My son went to a Chicago Public School from K to 8. I think he got a pretty good education. He had some very good teachers, and some very bad teachers. One evening when he was in about the fifth grade, we were out doing some shopping and he asked me, “Dad, how many states are there?” When I gave him the correct answer, he said, “I knew it! My teacher said there are fifty-four.” There were a number of times when his math teacher did not adequately explain a math concept (my son is a straight A student and I knew if he didn’t get it, it wasn’t taught properly) and we resorted to the internet to get an explanation, since I didn’t recall ever being taught math in that way. (A ninety-second youtube video gave us what we needed.) There was a permanent social studies display outside one classroom — in a teacher’s handwriting — that was about the “Artic” Ocean. And, once when the teachers’ union was out protesting something downtown, I saw a number of signs with misspelled words. The governor exaggerated a bit by what he wrote, but the fact remains that the CPS has problems beyond the budgetary ones.
Years back I did some service work on equipment in CPS.

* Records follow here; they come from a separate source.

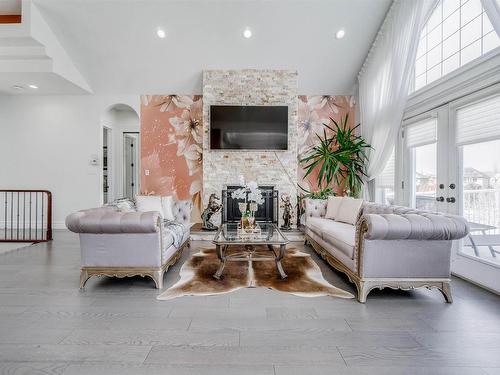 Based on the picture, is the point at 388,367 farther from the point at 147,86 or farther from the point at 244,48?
the point at 147,86

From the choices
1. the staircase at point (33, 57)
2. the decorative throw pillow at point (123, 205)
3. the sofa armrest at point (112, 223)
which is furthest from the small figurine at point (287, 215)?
the staircase at point (33, 57)

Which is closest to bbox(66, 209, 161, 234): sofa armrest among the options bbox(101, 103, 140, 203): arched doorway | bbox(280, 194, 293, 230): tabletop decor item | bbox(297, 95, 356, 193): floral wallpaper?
bbox(280, 194, 293, 230): tabletop decor item

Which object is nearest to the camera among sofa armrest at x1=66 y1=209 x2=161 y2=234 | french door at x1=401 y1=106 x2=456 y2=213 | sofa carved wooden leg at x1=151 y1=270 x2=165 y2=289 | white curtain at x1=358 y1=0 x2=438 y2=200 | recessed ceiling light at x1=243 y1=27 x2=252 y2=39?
sofa armrest at x1=66 y1=209 x2=161 y2=234

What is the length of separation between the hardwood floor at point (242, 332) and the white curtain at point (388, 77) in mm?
2570

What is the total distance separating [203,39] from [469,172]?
4842mm

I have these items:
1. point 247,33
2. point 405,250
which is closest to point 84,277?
point 405,250

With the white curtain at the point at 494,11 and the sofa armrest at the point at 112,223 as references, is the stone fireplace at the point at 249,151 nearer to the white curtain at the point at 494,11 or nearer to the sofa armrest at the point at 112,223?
the sofa armrest at the point at 112,223

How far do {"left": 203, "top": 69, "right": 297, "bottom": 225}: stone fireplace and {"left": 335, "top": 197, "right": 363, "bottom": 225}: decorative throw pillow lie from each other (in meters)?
1.66

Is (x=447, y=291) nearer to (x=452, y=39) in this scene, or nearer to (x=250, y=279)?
(x=250, y=279)

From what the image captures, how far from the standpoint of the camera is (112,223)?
2875mm

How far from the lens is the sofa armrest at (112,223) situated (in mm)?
2885

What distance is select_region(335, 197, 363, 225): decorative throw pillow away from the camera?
4.38 meters

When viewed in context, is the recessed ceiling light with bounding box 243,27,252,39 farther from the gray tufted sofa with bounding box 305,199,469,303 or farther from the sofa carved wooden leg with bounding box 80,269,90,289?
the sofa carved wooden leg with bounding box 80,269,90,289

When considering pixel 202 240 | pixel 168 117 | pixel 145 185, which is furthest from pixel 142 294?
pixel 168 117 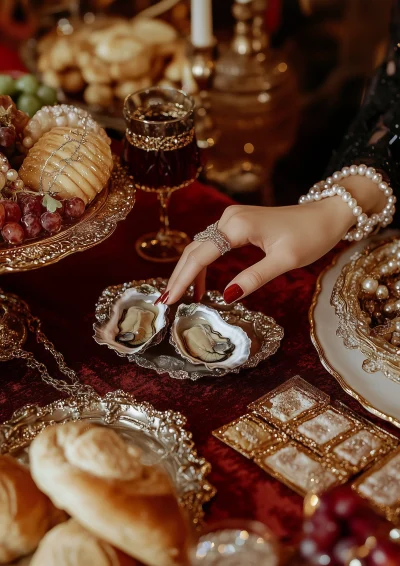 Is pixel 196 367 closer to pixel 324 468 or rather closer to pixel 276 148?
pixel 324 468

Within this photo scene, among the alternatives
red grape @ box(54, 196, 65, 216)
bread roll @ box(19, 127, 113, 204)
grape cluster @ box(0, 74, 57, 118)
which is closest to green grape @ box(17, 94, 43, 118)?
grape cluster @ box(0, 74, 57, 118)

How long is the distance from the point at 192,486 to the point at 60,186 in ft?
1.63

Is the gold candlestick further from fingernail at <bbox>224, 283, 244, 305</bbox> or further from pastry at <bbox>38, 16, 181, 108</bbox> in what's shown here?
fingernail at <bbox>224, 283, 244, 305</bbox>

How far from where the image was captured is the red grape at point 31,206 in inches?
36.5

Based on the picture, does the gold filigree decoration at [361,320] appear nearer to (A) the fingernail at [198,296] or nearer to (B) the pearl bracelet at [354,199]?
(B) the pearl bracelet at [354,199]

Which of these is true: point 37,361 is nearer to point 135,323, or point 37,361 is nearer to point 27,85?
point 135,323

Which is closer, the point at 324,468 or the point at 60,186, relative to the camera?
the point at 324,468

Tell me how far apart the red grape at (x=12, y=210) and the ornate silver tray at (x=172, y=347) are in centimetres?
19

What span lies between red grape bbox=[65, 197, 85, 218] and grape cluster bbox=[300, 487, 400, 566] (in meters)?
0.58

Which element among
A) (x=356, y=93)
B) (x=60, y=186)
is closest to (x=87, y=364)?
(x=60, y=186)

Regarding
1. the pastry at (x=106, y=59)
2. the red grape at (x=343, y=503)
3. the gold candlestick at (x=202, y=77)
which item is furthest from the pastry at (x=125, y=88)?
the red grape at (x=343, y=503)

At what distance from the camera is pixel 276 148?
7.64ft

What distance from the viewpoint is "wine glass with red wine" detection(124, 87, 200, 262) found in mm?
1126

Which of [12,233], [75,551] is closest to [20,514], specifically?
[75,551] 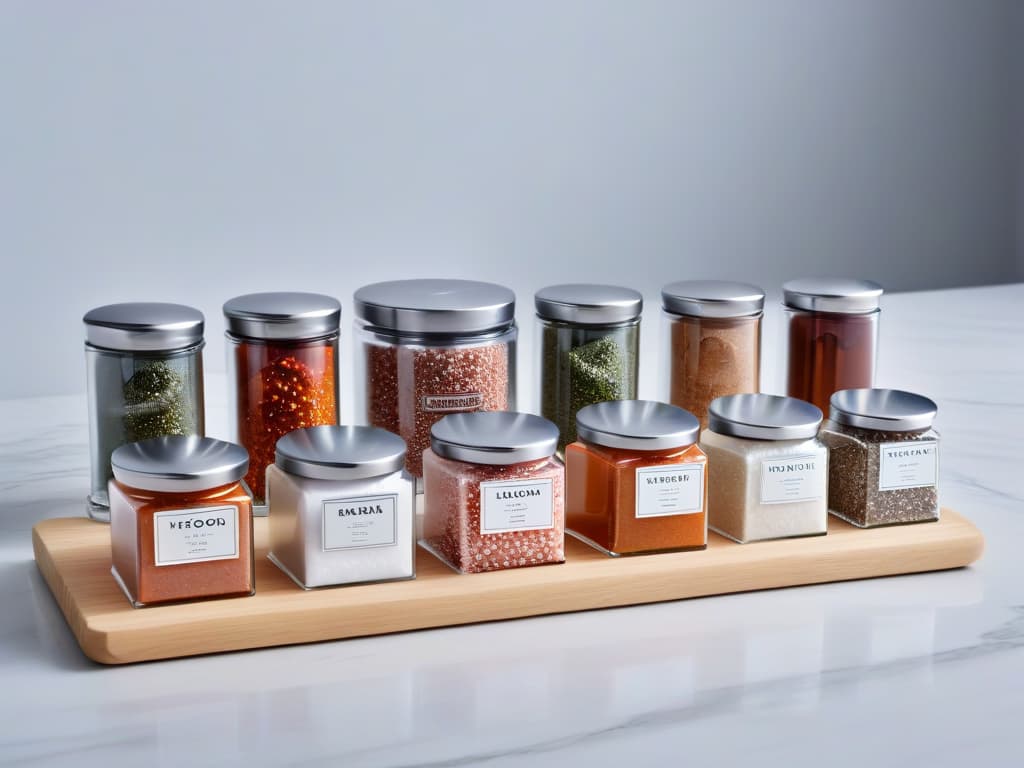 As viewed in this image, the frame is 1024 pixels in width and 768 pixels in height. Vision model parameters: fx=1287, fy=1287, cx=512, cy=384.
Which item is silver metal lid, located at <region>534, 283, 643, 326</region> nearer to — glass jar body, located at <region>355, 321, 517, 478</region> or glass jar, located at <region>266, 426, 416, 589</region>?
glass jar body, located at <region>355, 321, 517, 478</region>

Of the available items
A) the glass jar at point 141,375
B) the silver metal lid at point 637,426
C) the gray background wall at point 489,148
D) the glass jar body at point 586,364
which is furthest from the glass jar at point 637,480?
the gray background wall at point 489,148

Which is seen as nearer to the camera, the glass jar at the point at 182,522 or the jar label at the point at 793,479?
the glass jar at the point at 182,522

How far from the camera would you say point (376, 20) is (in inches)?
126

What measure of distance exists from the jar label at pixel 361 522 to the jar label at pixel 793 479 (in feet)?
1.04

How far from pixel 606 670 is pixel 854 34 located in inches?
130

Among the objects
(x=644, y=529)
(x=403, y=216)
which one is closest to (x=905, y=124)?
(x=403, y=216)

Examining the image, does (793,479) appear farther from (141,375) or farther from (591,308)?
→ (141,375)

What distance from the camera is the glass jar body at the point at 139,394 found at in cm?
109

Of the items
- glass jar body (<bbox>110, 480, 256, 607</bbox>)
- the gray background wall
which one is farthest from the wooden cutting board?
the gray background wall

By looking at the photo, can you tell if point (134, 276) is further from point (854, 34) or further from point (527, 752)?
point (527, 752)

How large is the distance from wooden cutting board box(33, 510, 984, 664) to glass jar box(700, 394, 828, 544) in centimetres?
2

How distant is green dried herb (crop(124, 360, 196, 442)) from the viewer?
1.09 meters

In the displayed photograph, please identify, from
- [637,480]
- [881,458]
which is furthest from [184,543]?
[881,458]

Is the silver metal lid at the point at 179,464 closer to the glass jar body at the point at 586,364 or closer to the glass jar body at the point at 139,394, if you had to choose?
the glass jar body at the point at 139,394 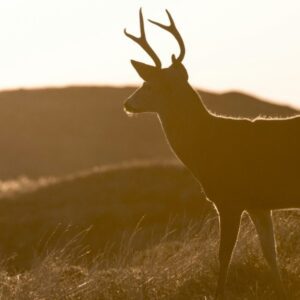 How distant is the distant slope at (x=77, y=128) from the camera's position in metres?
67.8

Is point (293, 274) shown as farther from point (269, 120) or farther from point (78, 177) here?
point (78, 177)

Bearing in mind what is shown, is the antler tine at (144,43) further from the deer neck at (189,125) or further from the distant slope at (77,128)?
the distant slope at (77,128)

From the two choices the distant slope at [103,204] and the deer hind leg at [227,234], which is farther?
the distant slope at [103,204]

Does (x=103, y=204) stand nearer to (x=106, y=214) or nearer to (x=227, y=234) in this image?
(x=106, y=214)

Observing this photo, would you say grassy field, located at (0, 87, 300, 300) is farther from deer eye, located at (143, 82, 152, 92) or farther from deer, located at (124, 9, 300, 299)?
deer eye, located at (143, 82, 152, 92)

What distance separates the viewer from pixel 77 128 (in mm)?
77312

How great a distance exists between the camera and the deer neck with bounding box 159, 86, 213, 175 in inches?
462

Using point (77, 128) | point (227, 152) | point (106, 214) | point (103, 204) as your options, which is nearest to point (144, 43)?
point (227, 152)

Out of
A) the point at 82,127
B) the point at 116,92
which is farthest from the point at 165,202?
the point at 116,92

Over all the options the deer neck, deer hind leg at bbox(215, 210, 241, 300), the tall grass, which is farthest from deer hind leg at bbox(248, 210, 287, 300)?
the deer neck

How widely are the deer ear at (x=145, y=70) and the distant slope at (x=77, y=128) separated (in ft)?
161

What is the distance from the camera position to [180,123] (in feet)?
38.8

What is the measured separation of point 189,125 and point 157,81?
0.58 metres

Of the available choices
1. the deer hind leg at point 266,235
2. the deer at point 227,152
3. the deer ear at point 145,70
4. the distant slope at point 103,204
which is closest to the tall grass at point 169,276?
the deer hind leg at point 266,235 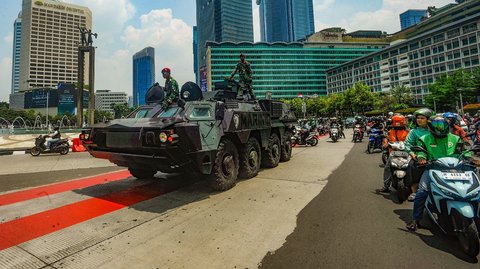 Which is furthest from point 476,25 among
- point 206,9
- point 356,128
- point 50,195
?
point 206,9

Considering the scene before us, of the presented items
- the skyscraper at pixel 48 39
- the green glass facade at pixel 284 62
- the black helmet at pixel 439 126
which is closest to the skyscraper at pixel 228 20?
the green glass facade at pixel 284 62

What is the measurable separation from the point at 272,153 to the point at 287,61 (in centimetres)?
10294

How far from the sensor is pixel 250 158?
22.2 ft

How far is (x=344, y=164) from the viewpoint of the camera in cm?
866

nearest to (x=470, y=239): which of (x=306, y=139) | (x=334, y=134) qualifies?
(x=306, y=139)

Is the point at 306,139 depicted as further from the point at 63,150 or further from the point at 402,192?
the point at 63,150

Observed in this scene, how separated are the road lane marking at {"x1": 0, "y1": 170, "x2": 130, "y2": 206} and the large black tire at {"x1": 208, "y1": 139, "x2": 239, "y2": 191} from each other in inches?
132

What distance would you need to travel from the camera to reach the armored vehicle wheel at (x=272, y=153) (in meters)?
8.02

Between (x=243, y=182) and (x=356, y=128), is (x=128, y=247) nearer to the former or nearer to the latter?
(x=243, y=182)

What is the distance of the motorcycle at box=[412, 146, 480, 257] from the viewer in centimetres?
273

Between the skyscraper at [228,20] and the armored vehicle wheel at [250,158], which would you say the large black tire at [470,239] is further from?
the skyscraper at [228,20]

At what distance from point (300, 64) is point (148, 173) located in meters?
108

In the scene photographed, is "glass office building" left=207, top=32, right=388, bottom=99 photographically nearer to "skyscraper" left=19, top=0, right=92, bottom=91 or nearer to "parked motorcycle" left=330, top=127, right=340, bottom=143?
"skyscraper" left=19, top=0, right=92, bottom=91

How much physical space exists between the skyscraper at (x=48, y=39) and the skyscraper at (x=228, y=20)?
6016cm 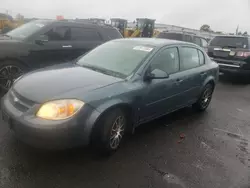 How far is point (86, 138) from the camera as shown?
2881mm

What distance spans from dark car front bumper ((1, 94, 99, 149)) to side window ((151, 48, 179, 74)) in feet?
4.79

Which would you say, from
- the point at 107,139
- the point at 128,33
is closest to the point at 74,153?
the point at 107,139

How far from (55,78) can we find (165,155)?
189cm

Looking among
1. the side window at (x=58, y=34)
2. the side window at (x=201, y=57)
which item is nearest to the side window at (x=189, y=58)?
the side window at (x=201, y=57)

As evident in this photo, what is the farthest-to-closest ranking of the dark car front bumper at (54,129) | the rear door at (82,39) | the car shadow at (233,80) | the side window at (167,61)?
1. the car shadow at (233,80)
2. the rear door at (82,39)
3. the side window at (167,61)
4. the dark car front bumper at (54,129)

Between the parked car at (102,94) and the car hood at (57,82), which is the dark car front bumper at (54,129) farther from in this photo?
the car hood at (57,82)

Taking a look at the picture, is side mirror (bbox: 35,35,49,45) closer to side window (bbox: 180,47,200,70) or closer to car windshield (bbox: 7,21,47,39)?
car windshield (bbox: 7,21,47,39)

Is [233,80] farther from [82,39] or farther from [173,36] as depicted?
[82,39]

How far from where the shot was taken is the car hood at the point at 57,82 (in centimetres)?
291

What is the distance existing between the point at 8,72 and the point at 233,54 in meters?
7.57

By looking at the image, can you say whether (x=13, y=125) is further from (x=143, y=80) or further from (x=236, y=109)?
(x=236, y=109)

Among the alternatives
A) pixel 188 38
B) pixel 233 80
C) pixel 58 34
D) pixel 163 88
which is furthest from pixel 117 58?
pixel 188 38

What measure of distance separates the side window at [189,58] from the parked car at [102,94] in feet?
0.06

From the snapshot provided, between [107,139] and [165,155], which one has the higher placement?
[107,139] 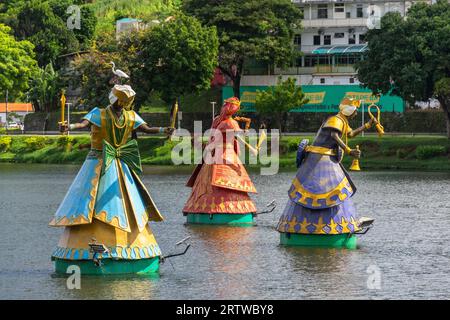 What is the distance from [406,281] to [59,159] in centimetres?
7562

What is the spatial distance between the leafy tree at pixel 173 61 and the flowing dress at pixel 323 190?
71.1 meters

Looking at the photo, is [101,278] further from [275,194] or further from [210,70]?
[210,70]

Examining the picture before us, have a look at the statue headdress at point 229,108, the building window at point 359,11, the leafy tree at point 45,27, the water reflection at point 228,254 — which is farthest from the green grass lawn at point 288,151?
the water reflection at point 228,254

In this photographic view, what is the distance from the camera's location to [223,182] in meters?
45.4

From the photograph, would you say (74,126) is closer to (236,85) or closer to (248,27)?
(248,27)

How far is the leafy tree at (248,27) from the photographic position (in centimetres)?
11738

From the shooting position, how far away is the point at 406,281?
34469 millimetres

A school on the NW side, a nice area.
They said the room is being used but it is ok for me to work if I do not disturb the class.
May have been ESL(?). The teacher reads, then individual students pick up, back and forth. The teacher was an older black woman, the kids loved her.
It was a pleasant experience!
Later in the main office, the assistant principal is SCREAMING wildly at this unfortunate student demanding that he only speak English!!!
That made my blood boil.
It’s nationwide. My son here in Colorado Springs was once given an extra credit assignment, one of the questions on which was how many branches of the armed forces there were. Since I was career military, he asked me and I told him three. His teacher did not give him credit for the answer because, according to her, there were five: Army, Air Force, Navy, Marines (part of the Navy) and Coast Guard (part of the Department of Transportation. The assignment, incidentally, was rife with misspellings and grammar errors. That, sadly, was not an isolated incident.
Years ago a friend’s family lived in Chicago and the kids attended CPS. One daughter was in fourth grade advanced classes. When they moved to a Houston suburb, that same daughter was moved to third grade after they did placement tests.
But is isn’t just CPS, we live in the collar counties and I could not believe the poor quality of the teachers in our city’s system. To the point that I wanted to correct the grammar of the take home papers and send it back to the teacher, but knew that the teacher would take it out on my child.